I return to the ocean's edge surrounded by memories
Trembling, yet yearning for the cool sweet bliss
That the ocean promises
My throat is dry and my eyes sore
I hesitate for I was once burnt by its coldness
Yet I yearn to dance again
So slowly I enter
Lest I (lose) sight of that which still holds my dreams
Slowly, carefully I let go.
I float.
And I wait. -
A slow descent into life's dreams. The metaphor holds up well. Great job.

-
-
Sock monkey
Thanks so much, I'm glad you liked it
Hugs
Jill/Cherry xx
-
-
Nice write, you handeled the list well. I feel too many poets when they use a list they overdo it. Yous is right on.
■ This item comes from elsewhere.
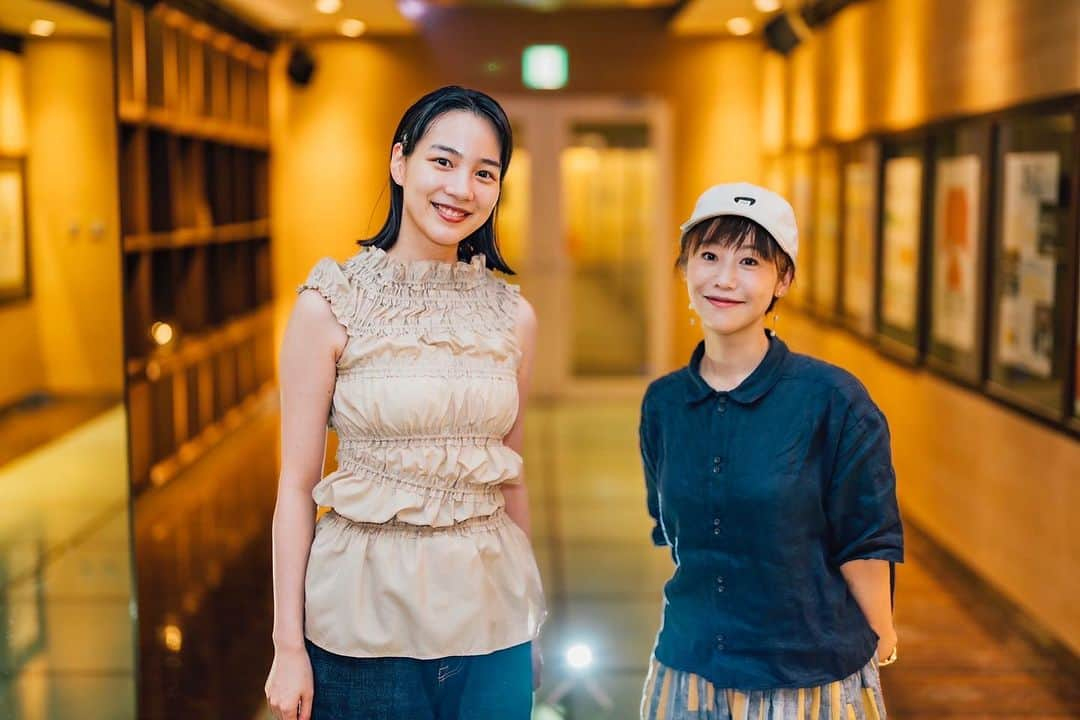 のん（能年玲奈）さんのインスタグラム写真 - (のん（能年玲奈）Instagram)「今週日曜23時からのJ-WAVE TOPPAN INNOVATION WORLD ERA 今回は蝶花楼桃花師匠をお迎えしました。 素敵なお話を聞けて楽しかった！ 蝶花楼の姐さん、かっこいい。  今日から先行podcastも配信中です！そっちもよろしくね お便り読んだり、 #ポケモンコンシェルジュ でLAに行った時のお話をしたよ  #jwave #era813 @iwera813」8月18日 22時57分 - non_kamo_ne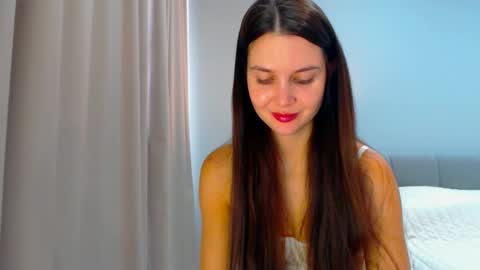 SexyMyMeow online show from November 19, 2025, 5:18 am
Alittle dark but you show the light.


-
-
oldpoets
Thanks so much for you kind comments
Hugs
Jill/Cherry xxx
-
-
Emotional positive thoughts of growing up...living experiences waiting...take your time..they will all be there always...take it slow...just like your word relay...smart ..very smart..thanks for sharing
-
-
Freed by Mercy
Loved your detailed comments sweetheart, thanks so much for spending so much time and thought, guess you have my full reply where I explain some of my choices
Thanks again and God Bless
Jill/Cherry xxx -
Street Alchemist
Thanks so much.
I'm so pleased that you read and liked my poem.
Hugs
Jill/cherry xxx -
pruedence
You have it really in a nutshell I have been through a lot just as most people have but I always try to have hope for the future
Thanks for reading and commenting
hugs
Jill/cherry xxx
-
-
this is very good poem, complex and deep with variety of suddle meaning that can be pulled from the write. Best of you luck to you in the contest.